* Exercise data:
- Opening Delimiter -

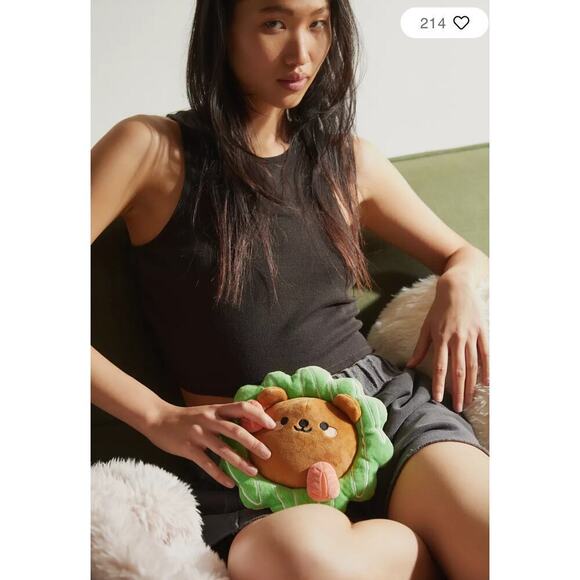 🔴$29 Smoko Bear‎ Toasty Heatable Plushie - Picture 1 of 4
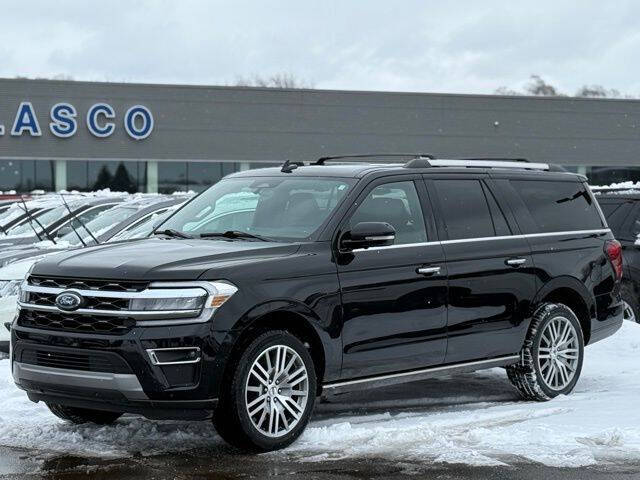 2024 Ford Expedition MAX Limited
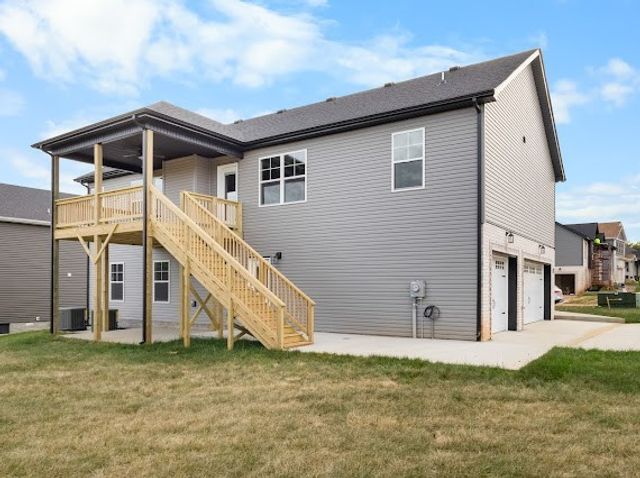 354 Cardinal Creek, Clarksville, TN 37040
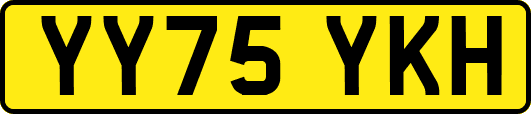 YY75YKH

- Closing Delimiter -

* Required work: Copy out the material above in full and exactly, but with no pictures.

* The answer:
 🔴$29 Smoko Bear‎ Toasty Heatable Plushie - Picture 1 of 4
 2024 Ford Expedition MAX Limited
 354 Cardinal Creek, Clarksville, TN 37040
 YY75YKH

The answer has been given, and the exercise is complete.